Sent to Turin for military training shortly after his mother's death, the Duke of Chartres became an officer in the Piedmontese dragoons and fought in the Wars of Italian Unification on the side of France and the House of Savoy from 1859 onwards. He notably fought at the Battle of Palestro, for which he was decorated by King Victor Emmanuel II.

With the outbreak of the American Civil War in April 1861, Chartres and his brother, Prince Philippe, Count of Paris, travelled to the United States to support the Union cause. On 24 September 1861, Chartres was commissioned a captain in the United States Army. He served as an assistant adjutant general on the staff of the commander of the Army of the Potomac, Major General George B. McClellan. He served in the Battle of Gaines's Mill on 27 June 1862 and resigned from the Union Army on 15 July 1862.

During their stay in the United States, the Princes were accompanied by their uncle, the Prince of Joinville, who painted many watercolours of their stay. Although eligible for membership, Chartres did not join (as his brother had) the Military Order of the Loyal Legion of the United States – an organization of Union officers who had served during the American Civil War.
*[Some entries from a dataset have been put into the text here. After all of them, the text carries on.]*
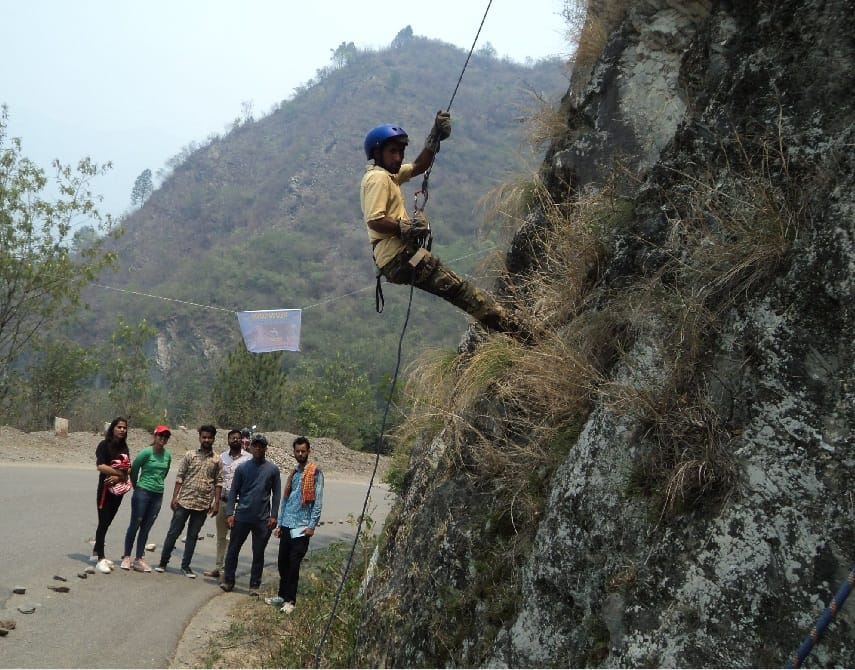 Scuba diving in tehri lake festival 2018 people see ruins of city
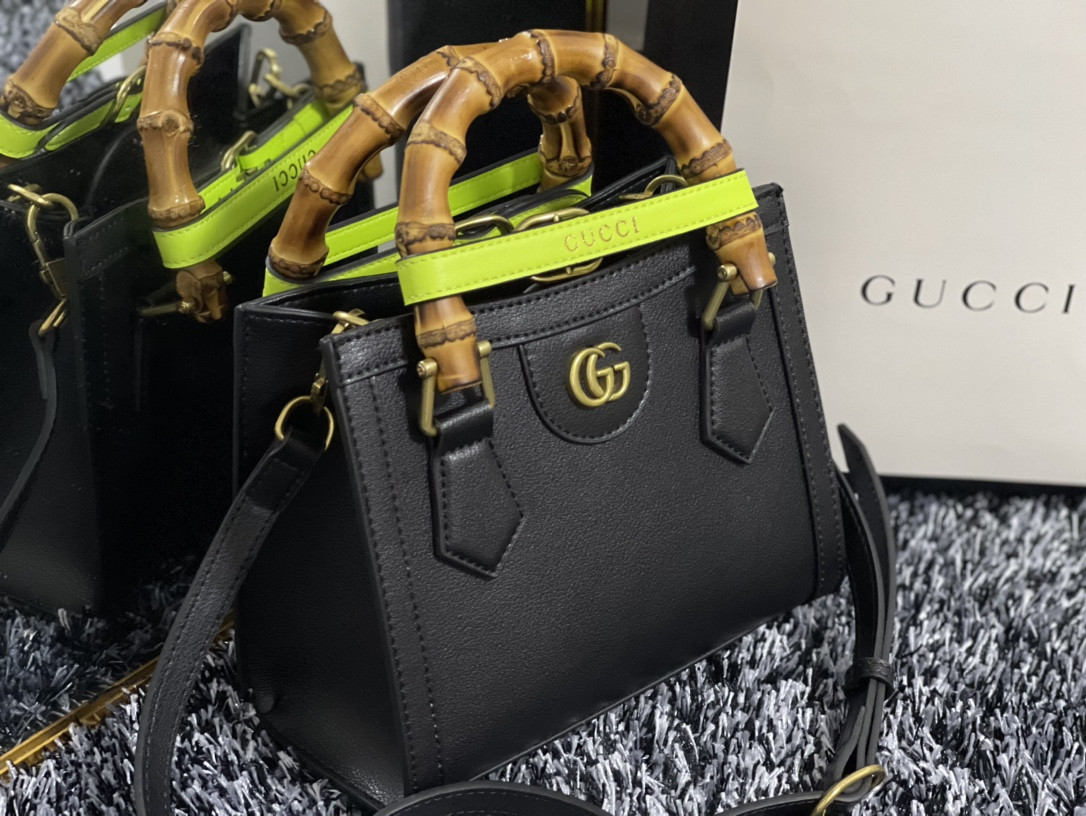 Gvc*1 DIANA MINI TOTE BAG Black 20W x 16H x 10D CM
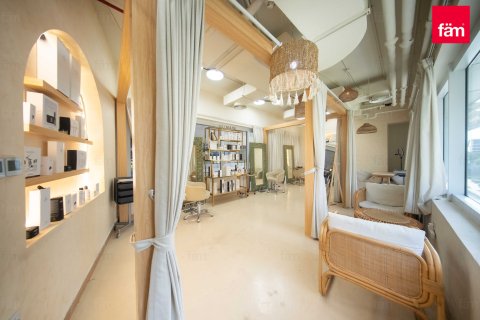 Magasin à louer à Business Bay, Dubai, EAU 119.4 m2 № 660381 - photo 2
Returning to Europe, the Duke of Chartres decided to marry but, as an exiled member of a royal house considered illegitimate by most of the reigning dynasties of the continent, found he would be unable to marry a foreign princess. He thus asked for the hand of his first cousin Françoise d'Orléans-Joinville, whom he married on 11 June 1863, at St Raphael's Church in Kingston upon Thames, England. They bought and lived in a house in Ham (now the site of the Cassel Hospital).

Finding himself in Brussels, with his uncles Prince François and Prince Henri, Duke of Aumale, in 1870 on the declaration of the Franco-Prussian War, the Duke of Chartres immediately requested Napoleon III's government for authorisation to fight in the conflict. However, the minister of war opposed Robert's participation in the war and he was thus unable to enroll in the French army until after the fall of the Empire. He then fought in the war under the pseudonym Robert Le Fort and was made head of a squadron in the Armée de la Loire, fighting with such distinction he was made a Chevalier (knight) of the Legion of Honour once the war was over. The provisional government kept him at that rank and in 1871 sent him to Algeria to put down a native revolt.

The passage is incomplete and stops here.